Or what if someone wants to know whether the votes on a bill were correlated with the representative's age, amount of campaign contributions, or geographic location of his or her district? Better yet, what about the question of whether the board of directors of Disney made contributions to representatives introducing legislation about copyrights? GovTrack has all of this information (it's all public information downloadable from the Census, Federal Election Commission, and Securities and Exchange Commission). When we can ask these types of questions easily, things start to get much more interesting.
Here's an interesting question I can answer today with a simple query: what's the population of each senator's state? This is the query:
PREFIX dc: <http://purl.org/dc/elements/1.1/> PREFIX foaf: <http://xmlns.com/foaf/0.1/> PREFIX pol: <tag:govshare.info,2005:rdf/politico/> PREFIX census: <tag:govshare.info,2005:rdf/census/> SELECT ?name ?statename ?population WHERE { ?person foaf:name ?name . ?person pol:hasRole [ pol:forOffice [ pol:represents ?state ] ] . ?state dc:title ?statename . ?state census:population ?population . }
This is a SPARQL query that results in a table of the names of senators and the corresponding state and population. SPARQL is a new query language over information in RDF. Not to make a shameless plug, but I really recommend reading my own introduction to RDF. It goes beyond the old notion of RDF as an XML metadata format. RDF is more commonly thought of today as a general method for knowledge interchange. And for more about SPARQL itself, I recommend Leigh Dodds' SPARQL tutorial on XML.com, Introducing SPARQL: Querying the Semantic Web.
You can play around with queries over GovTrack's data here, but I don't want to talk about SPARQL in this article. I just wanted to show that the types of questions we can ask can easily grow in complexity and "interestingness" using RDF. No XPath or XQuery query is going to be nearly so concise for those questions.
Of course it's possible to do this with XML rather than RDF, and the difference is just in where the effort must be applied to get the data sources to link together. In XML, the burden is on the person with the query to figure out how the elements and attributes in one XML file relate to the elements and attributes in another. Glue-code has to be programmed to mesh the data. With RDF, the burden is on the people with the data to ensure that their identifiers for things overlap with other data sources. The difficulty in RDF is more of a design decision, and design decisions are tough too.
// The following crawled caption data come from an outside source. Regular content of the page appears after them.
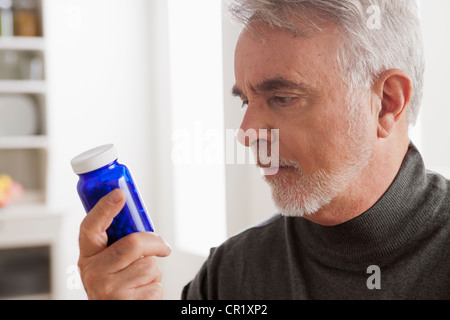 USA, Californie, Los Angeles, Senior men reading label on medicine bottle Banque D'Images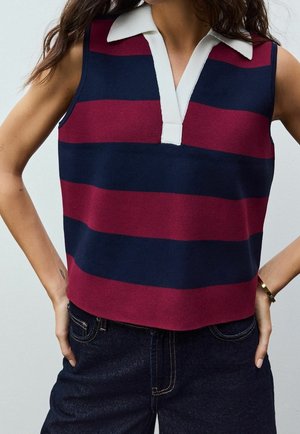 Kobieta ubrana w bezrękawnik w paski w kolorze granatowym i bordowym z białym kołnierzykiem, w połączeniu z ciemnymi jeansami, ręce spoczywające na biodrach.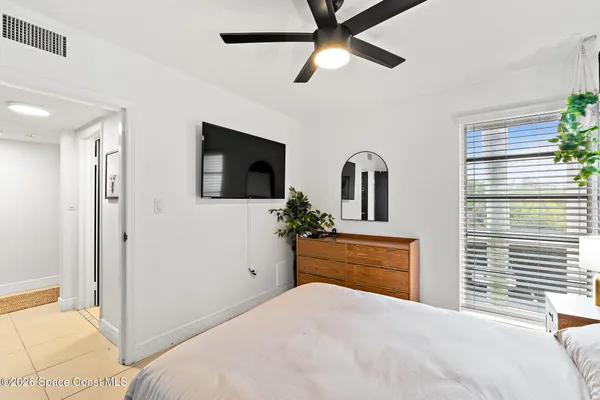 a bedroom with a bed and a flat screen tv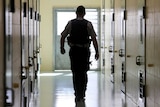 A silhouetted corrections officer walks down a cell corridor in a prison.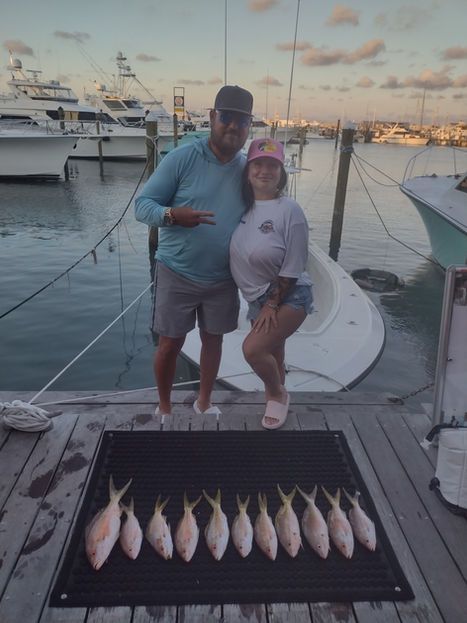 Couple posing on a dock with a row of caught fish. Boats in the background, sunset colors.
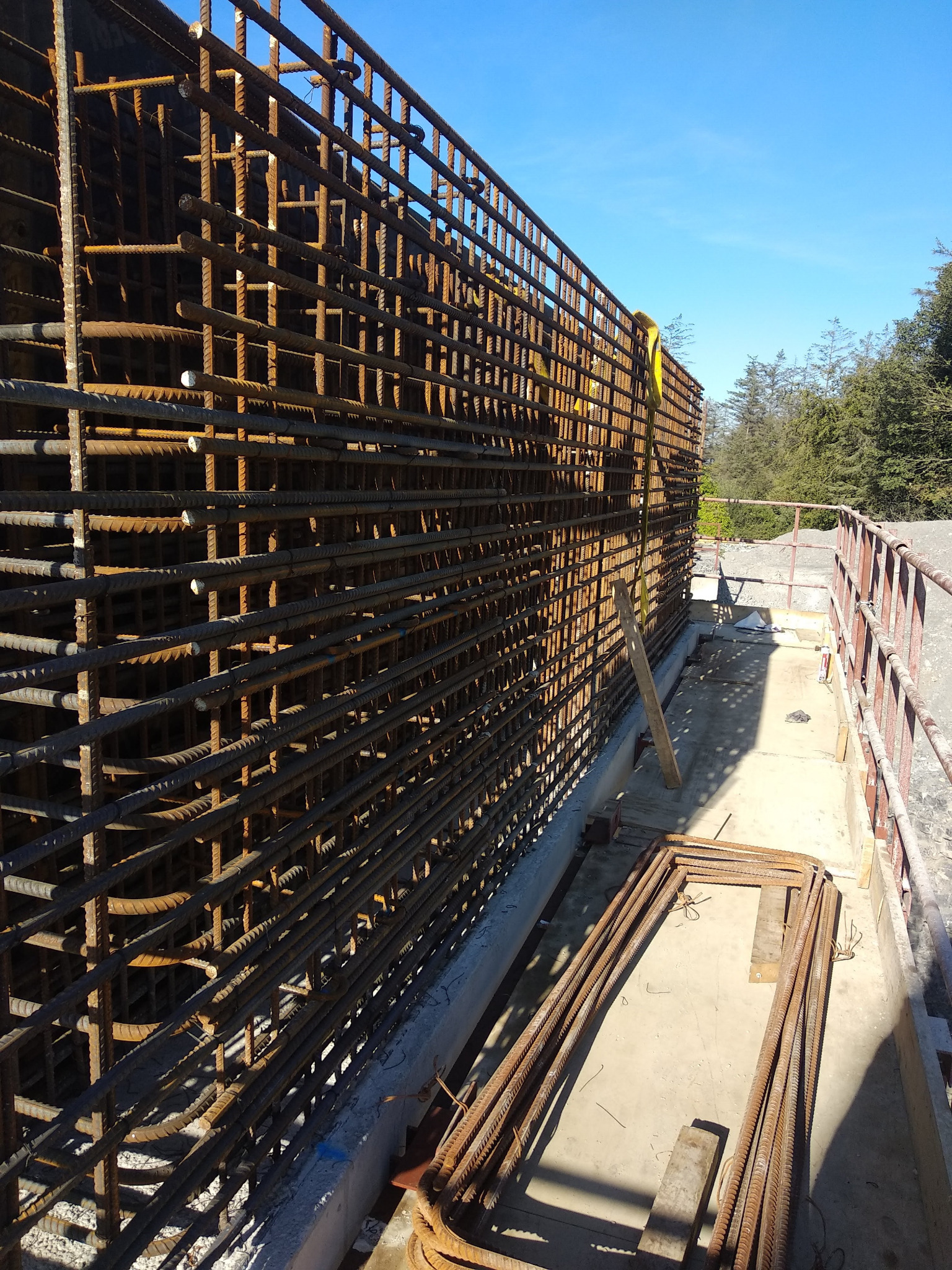 Siatka zbrojeniowa ułożona w szalunku, widoczne pręty zbrojeniowe, betonowy fundament i fragment krajobrazu w tle.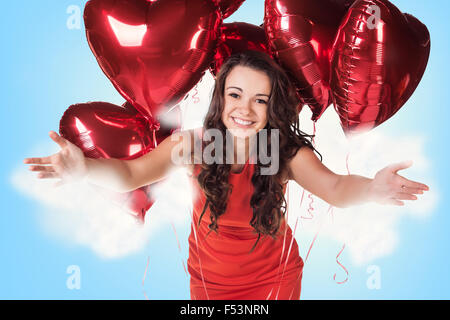 Junge Frau im roten Kleid mit Luftballons Stockfoto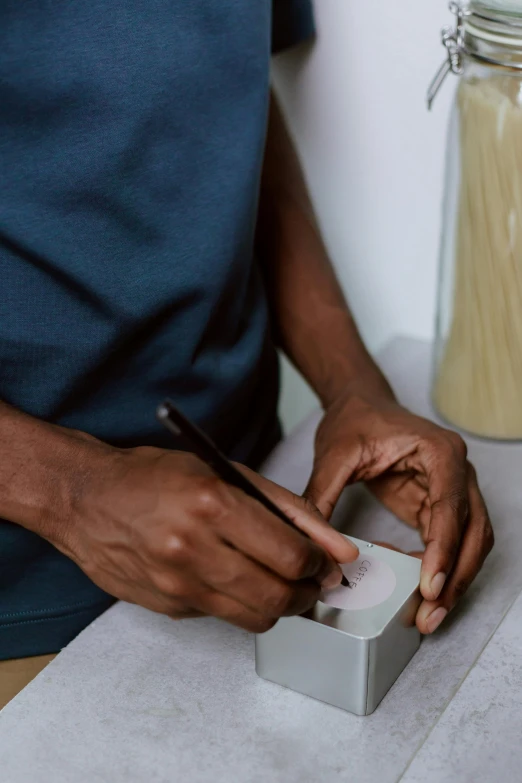 a man touching the side of a device on a counter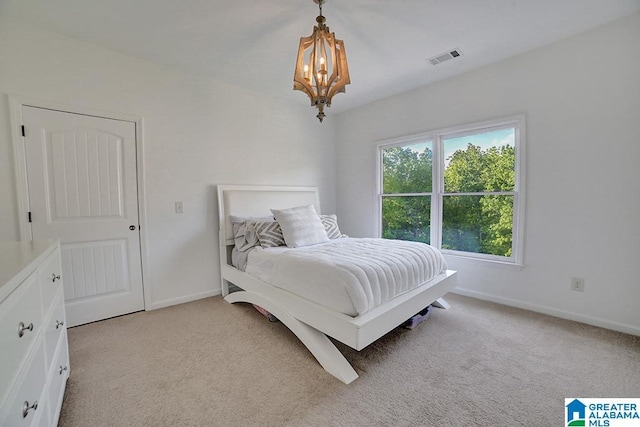 bedroom featuring baseboards, visible vents, light colored carpet, and a chandelier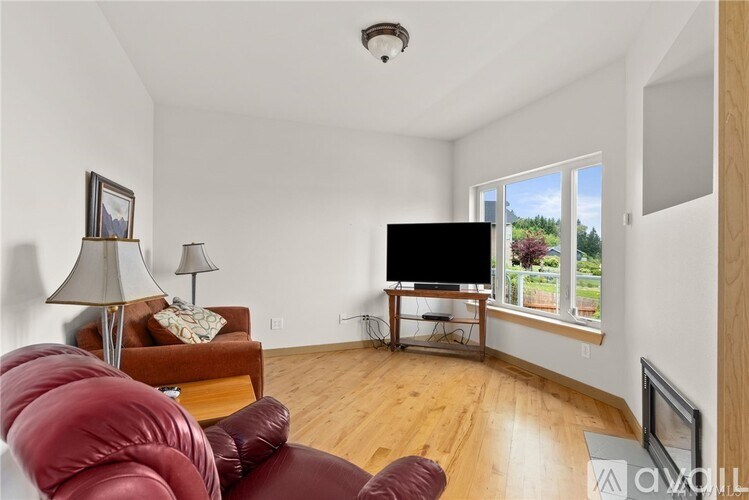 A living room with a red couch and a flat screen TV.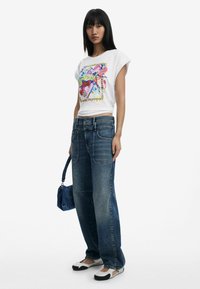 Weißes Grafik-T-Shirt mit buntem Herzdesign, kombiniert mit blauen weiten Jeans und schwarz-weißen Slip-On-Schuhen, hält eine blaue Handtasche.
But one of RDF's advantages in meshing disparate data is that the hard work is done once by the people who know the data best, rather than repeated by each programmer that has a new query to make.
So in the rest of this article I'll go over some of the design of the RDF version of GovTrack's data (which you can also download to play around with).
Here's some biographical data for Senator Schumer from New York:
@prefix rdf: <http://www.w3.org/1999/02/22-rdf-syntax-ns#> . @prefix foaf: <http://xmlns.com/foaf/0.1/> . @prefix pol: <tag:govshare.info,2005:rdf/politico/> . @prefix usgov: <tag:govshare.info,2005:rdf/usgovt/> . @prefix people: <tag:govshare.info,2005:data/us/congress/people/> . people:S000148 rdf:type pol:Politician ; foaf:name "Charles Schumer" ; foaf:gender "male" ; usgov:party "Democrat" .
This is RDF data in a format called Notation 3, which is a nice alternative to the XML format of RDF. Since RDF is really
an abstract way to represent information, rather than a particular data format, we're
always
free to choose the serialization syntax that's easiest to read (or scribble or exchange)
for
the task and data at hand. (When in doubt about the syntax, run it through a validator to see what the underlying
triples are.) This data was intended to mean that the entity identified by the URI
tag:govshare.info,2005:data/us/congress/people/s000148
(put together by
simply concatenating the prefix URI with the local name) is a politician, has the
name
given, is a Democrat, etc.
In addition to the data above, there is RDF data about Schumer's role in Congress, including the state he represents. This is where some real modeling choices came in. There are a number of sensible ways to relate a politician to the region he or she represents. Here's one:
people:S00148 pol:represents "New York" .
This is very to-the-point. Schumer represents New York. It's accurate enough, but
not
particularly precise. The literal expression "New York"
isn't very informative.
New York State or New York City? We could get around this problem by stating in the
pol:
vocabulary that pol:represents
only refers to states and
not cities, and that would be a fine solution if that restriction were acceptable.
But we
can make a small change to make it better:
@prefix states: <tag:govshare.info,2005:data/us/> . people:S00148 pol:represents states:ny .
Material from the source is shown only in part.